Pour Alexandra Iteanu, avocate à la Cour (numérique, cybersécurité et data), la récente tentative d’enlèvement de la fille d’un dirigeant d’une entreprise de cryptomonnaie illustre tragiquement les conséquences de la publication, trop accessible, des données personnelles des chefs d’entreprise. Elle partage son point de vue avec nos lecteurs.

 

 

Les données personnelles des dirigeants traitées comme des informations légales

Le Code de commerce impose d’inscrire dans certains documents administratifs, comme l’extrait Kbis  ou les statuts d’une société (en particulier à sa constitution), le nom, prénom et l’adresse du domicile du dirigeant de la société, à des fins notamment d’immatriculation au Registre National du Commerce et des Sociétés (RCS).

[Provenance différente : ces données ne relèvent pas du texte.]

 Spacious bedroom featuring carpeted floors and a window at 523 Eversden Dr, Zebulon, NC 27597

Ces informations font donc partie des informations légales qui doivent à ce titre être rendues publiques, mais sont tout de même des données à caractère personnel.

Ce sont des entités comme l’INPI et INFOGREFFE qui se chargent ensuite de mettre à disposition ces informations, puis des sociétés privées les diffusent, à l’instar du service <Societe.com>, qui propose un service de diffusion qui publie et répertorie des fiches d’entreprise, et des fiches de dirigeants de société.

La diffusion massive de ces informations, rendue possible par l’Open Data et l’IA, nous oblige à repenser l’équilibre entre transparence et sécurité.

Le développement de l’Open Data et plus récemment de l’IA ont démocratisé l’accès à ces données, et permettent surtout aujourd’hui de faire des combinaisons entre ces dernières. Il est désormais possible en un coup d’œil de connaitre toutes les entités juridiques liées à une personne, et surtout d’avoir accès à un très grand nombre de documents administratifs, qui peuvent révéler de nombreuses informations sensibles. 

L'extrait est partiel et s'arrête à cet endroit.